Short web captions:
──────────

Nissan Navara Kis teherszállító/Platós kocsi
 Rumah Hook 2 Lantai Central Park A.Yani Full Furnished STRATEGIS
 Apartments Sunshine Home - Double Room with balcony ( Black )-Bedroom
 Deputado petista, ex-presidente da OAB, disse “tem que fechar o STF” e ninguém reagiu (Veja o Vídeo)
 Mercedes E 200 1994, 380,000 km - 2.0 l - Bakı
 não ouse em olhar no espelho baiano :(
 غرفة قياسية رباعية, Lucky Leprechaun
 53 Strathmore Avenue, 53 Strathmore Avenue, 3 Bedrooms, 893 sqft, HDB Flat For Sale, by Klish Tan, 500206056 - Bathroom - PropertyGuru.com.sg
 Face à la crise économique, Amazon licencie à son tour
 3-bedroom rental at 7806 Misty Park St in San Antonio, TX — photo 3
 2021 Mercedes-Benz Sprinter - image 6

──────────

**What this task involves**
What you return should be the lines from the beginning of the records through the one that contains "Mercedes E 200", repeated exactly and with no additions.

**Task result**
Nissan Navara Kis teherszállító/Platós kocsi
 Rumah Hook 2 Lantai Central Park A.Yani Full Furnished STRATEGIS
 Apartments Sunshine Home - Double Room with balcony ( Black )-Bedroom
 Deputado petista, ex-presidente da OAB, disse “tem que fechar o STF” e ninguém reagiu (Veja o Vídeo)
 Mercedes E 200 1994, 380,000 km - 2.0 l - Bakı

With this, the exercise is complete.